Outra ótima explicação é que nunca houve dois lados tão nítidos. O PT e o lulopetismo constroem há 40 anos o monopólio da esquerda contra o vácuo da direita que não conseguiu construir ninguém, antes de Bolsonaro, para representá-la.
O PSDB foi seu melhor inimigo, taxado de direita injustamente para fins eleitorais, tendo boa parte de suas ideias e afinidades ideológicas. Aceitou e não assumiu devidamente o papel, como Bolsonaro viria a fazê-lo, sem medo.
O capitão truculento conseguiu a façanha impressionante de consolidar uma marca de direita em pouco tempo, desde 2014 apenas, quando uma militância verde-amarela começou a ir para as ruas e perder a vergonha de dizer seu nome.
Antes disso e dele, os únicos presidentes de direita ideológica no Brasil, Janio quadros e Fernand Collor de Mello, não sobreviveram aos primeiros anos de seus governos para contar história.
Bolsonaro é totalmente o inverso da esquerda, não tem qualquer possibilidade de se afinar e se compor com ela, nunca, e atraiu com força de fé a parte da sociedade, que é enorme, talvez metade, que não tem qualquer identificação com o partido de Lula. Com Lula, talvez, em parte.

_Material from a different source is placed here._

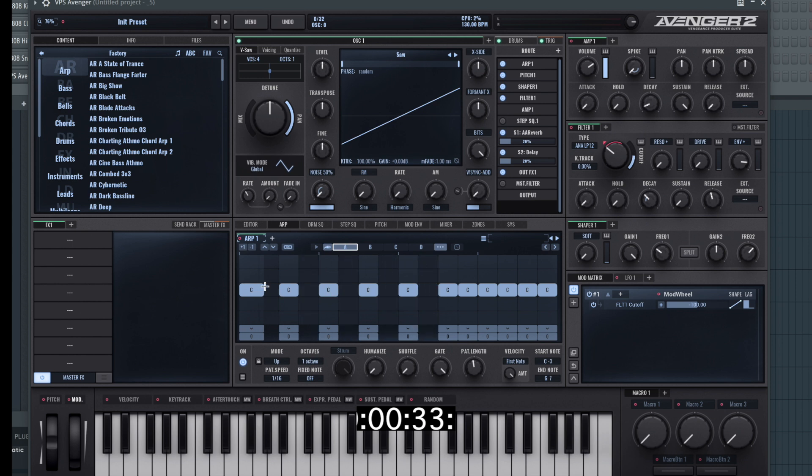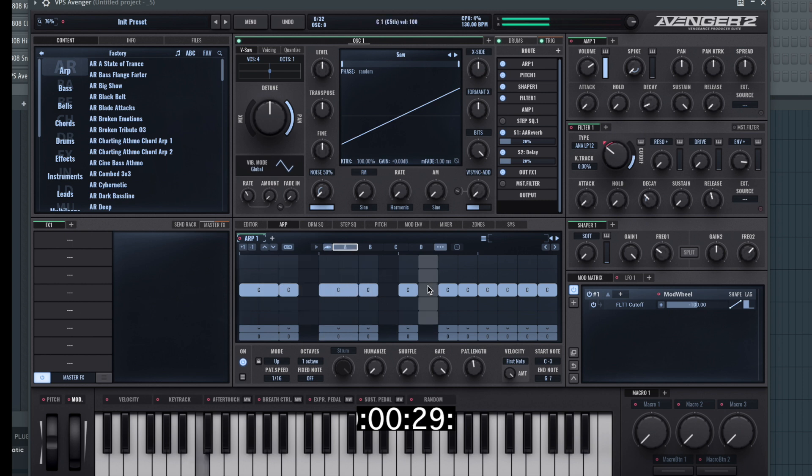Cut the arp up, make some of the notes a bit longer, shorter, create some gaps and we're actually almost there.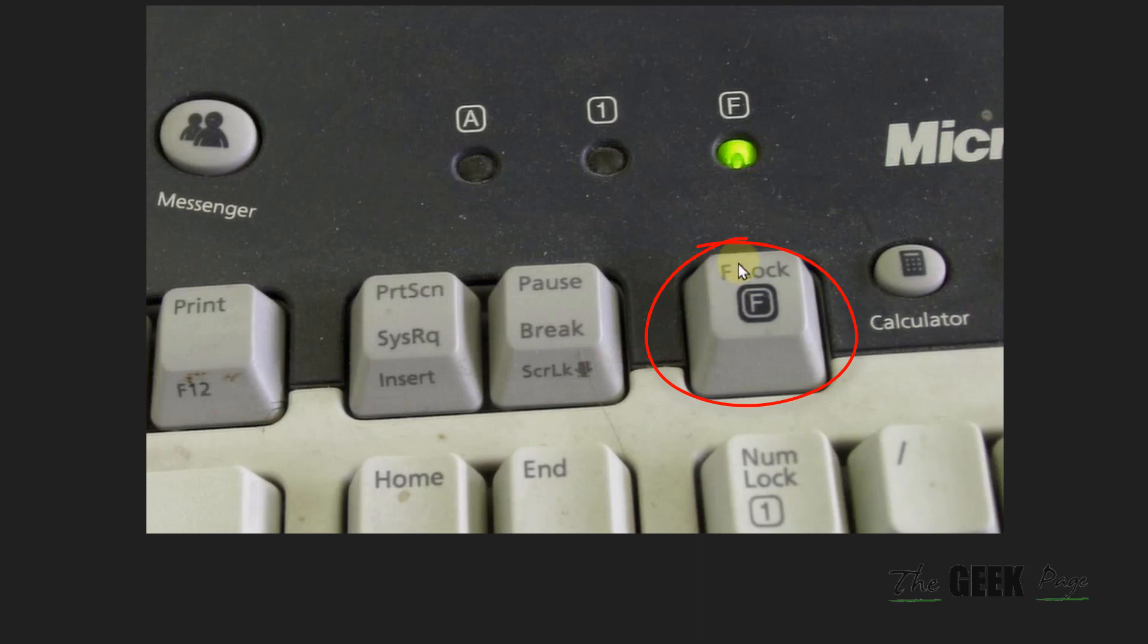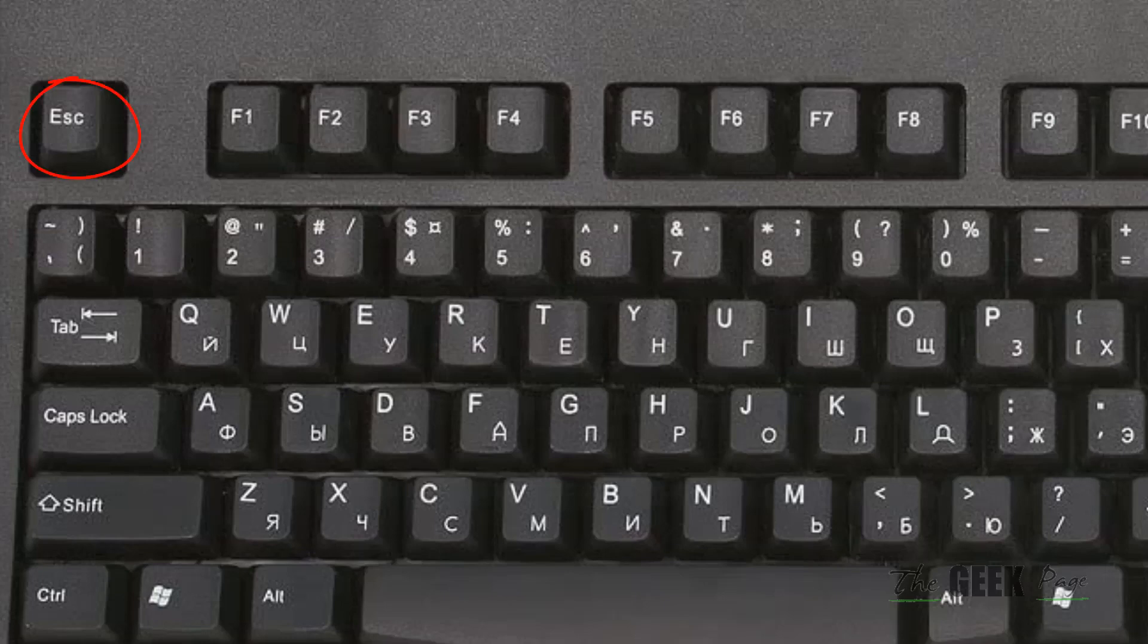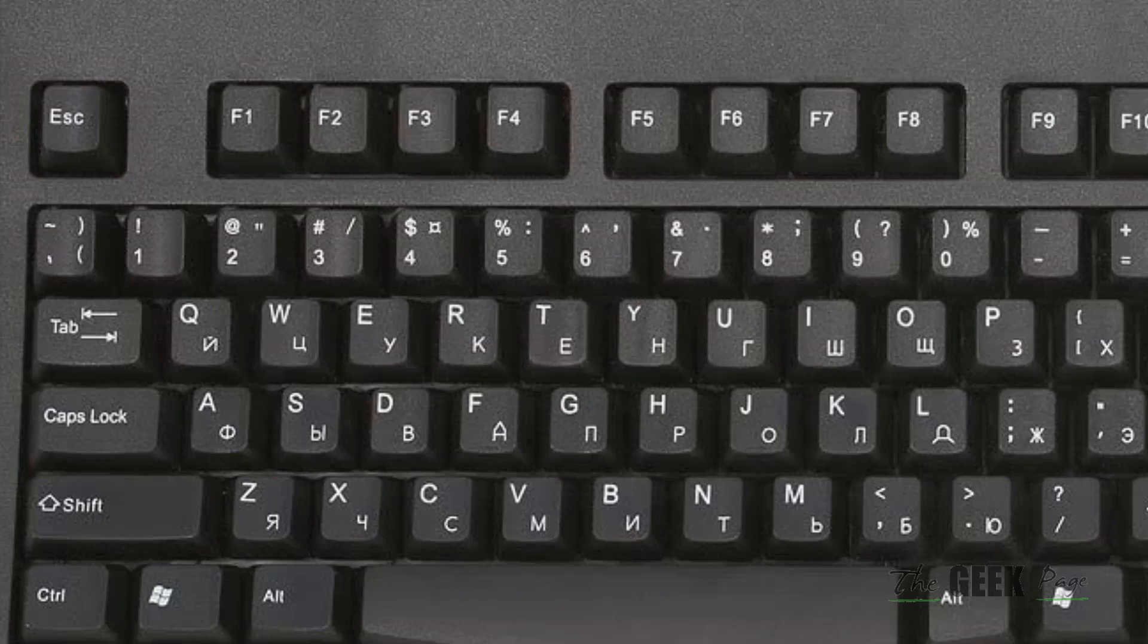If you do not have any F lock keys on your system, sometimes laptop manufacturers set the escape key as an F lock key. Try to press escape along with the fn key, then try to use your function keys and see if they are working.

Leia: Militância de direita desbanca a esquerda e principal adversário de Lula
Para o bem ou para o mal, mais para o bem, o país pode estar vivendo o que democracias avançadas vivem desde sempre, de duas posições nítidas, à direita e à esquerda, representadas nos seus partidos conservador e progressista. O Conservador e o Democrata, por exemplo, nos Estados Unidos. O Conservador e o Trabalhista, no Reino Unido. Nunca houve espaço para terceira via.
Todas as pesquisas no Brasil estão sedimentando essa clivagem, que separa claramente as regiões e os eleitores que se identificam com um dos espectros e seus respectivos candidatos. Um pouco por ideologia mesmo — liberdade individual e econômica versus controle do Estado — e muito pela prática de cada lado no trato da coisa pública.
A direita branca, conservadora, rica e instruída dos estados ricos tende a Bolsonaro. A esquerda mestiça, progressista, mais pobre e menos escolarizada dos estados pobres tende a Lula. Óbvio que há gradações, nichos, faixas de escolaridade e pobres que flutuam no calor das urnas.
Veja-se o caso de Minas Gerais. Não me lembro de ter dois candidatos de coloração ideológica tão distintas e tão nítidas. O governador Zema é o retrato acabado dessa direita, Alexandre Kalil o dessa esquerda. Nenhum dos dois se sente confortável com o candidato a presidente do outro, nem por fisiologia.
A mudança para um cenário em que a polarização seja mais nítida e permanente pode estar só começando. Temos apenas 30 anos de vida democrática, depois de um século de muitos golpes e duas longas ditaduras, a de Vargas, de 1930 a 45, e a dos militares, de 1964 a 84. Estados Unidos e Europa, séculos.
Se a gente continuar e não houver nenhum golpe, vamos acabar chegando a um ponto em que polarização seja uma coisa boa.
> Publicado no Estado de Minas, em 28/6/2022.